MC-E / Deep-Generalized-Unfolding-Networks-for-Image-Restoration

Accepted by CVPR 2022
123 stars 26 forks source link

Issue about trainable measurement matrix A in compressed sensing mode #8

Open XiChen-97 opened 1 year ago

XiChen-97 commented 1 year ago

Hi there @MC-E ,

Thank you for your great input and sharing the code! I have a question about the compressed sensing case:

1) As you mentioned in the paper: "Note that in the task of compressive sensing, the degradation matrix A is exactly known, i.e., the sampling matrix Φ. Thus, we directly use Φ to calculate the gradient.". However, in the code, you set A to be trainable parameters instead:

    PhiTPhi = torch.mm(torch.transpose(self.Phi, 0, 1), self.Phi)  # torch.mm(Phix, Phi)
    Phix = torch.mm(img.view(b,-1), torch.transpose(self.Phi, 0, 1))  # compression result
    PhiTb = torch.mm(Phix,self.Phi)
    # compute r_0
    x_0=PhiTb.view(b,-1)
    x = x_0 - self.r0 * torch.mm(x_0, PhiTPhi)
    r_0 = x + self.r0 * PhiTb
    r_0=r_0.view(b,c,w,h)

https://github.com/MC-E/Deep-Generalized-Unfolding-Networks-for-Image-Restoration/blob/bae845c2612d0df56a479020d59896441168d07a/Compressive-Sensing/DGUNet.py#L384C1-L391C30

where the self.Phi (referred as A) is learnable in the training. This makes me confused, because in compressed sensing, we assume that the only information we have are y and A, and we have no access to the raw image X_0. But here since A is learnable params, y is essentially a linear transformation of the real X_0, which means all the information of X_0 is known as the input of the model. Eventually, the model is actually learning \hat{X} (output) given the real image X_0 (input), which is somehow equivalent to a problem of recovering X_0 given X_0.
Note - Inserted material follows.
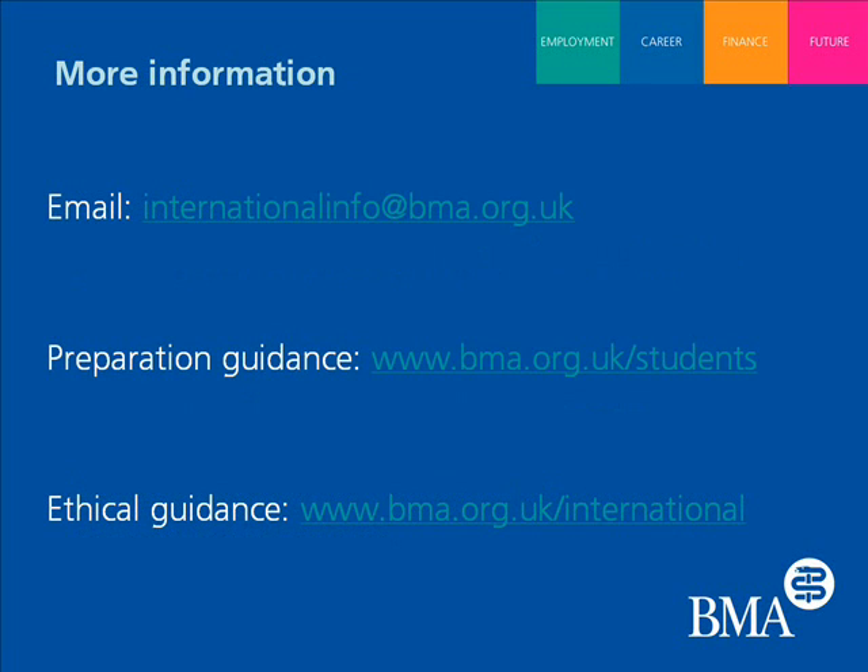If you're interested in getting more information about either set of guidance, you can email the BMA at internationalinfo@bma.org.uk or visit the BMA's website. The preparation guidance from the medical students committee is available at www.bma.org.uk/students, and the ethical and cultural guidance from the BMA's international committee and ethics committee is available at www.bma.org.uk/international.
Instead, since you assume A is unknown, then the process of making measurement y should not involve the learnable parameter A, which is the process of getting Phix in the code.

2) What is more, the input of the model when testing is the real image (say X_0):

        batch_x = torch.from_numpy(Img_output)
        batch_x = batch_x.type(torch.FloatTensor)
        batch_x = batch_x.to(device)
      # Phix = torch.mm(batch_x, torch.transpose(Phi, 0, 1))  # compression result
      # PhixPhiT = torch.mm(Phix, Phi)
        batch_x = batch_x.view(batch_x.shape[0], 1, args.patch_size, args.patch_size)
        x_output = model(batch_x)[0]  # torch.mm(batch_x,

https://github.com/MC-E/Deep-Generalized-Unfolding-Networks-for-Image-Restoration/blob/bae845c2612d0df56a479020d59896441168d07a/Compressive-Sensing/train.py#L231C1-L238C62

and the measurement y is obtained by y=AX_0, where the A is the trainable parameters. I couldn't understand this setting, since in the testing case, we assume that the only information we have is y and A (if we know the degradation model), but here the input of model is the real raw testing image.

Please correct me if I misunderstood anything here, and I apologize in advance if I missed anything or misunderstood anything that is already explained clearly in the paper and code. Thank you so much, and l look forward to your replying!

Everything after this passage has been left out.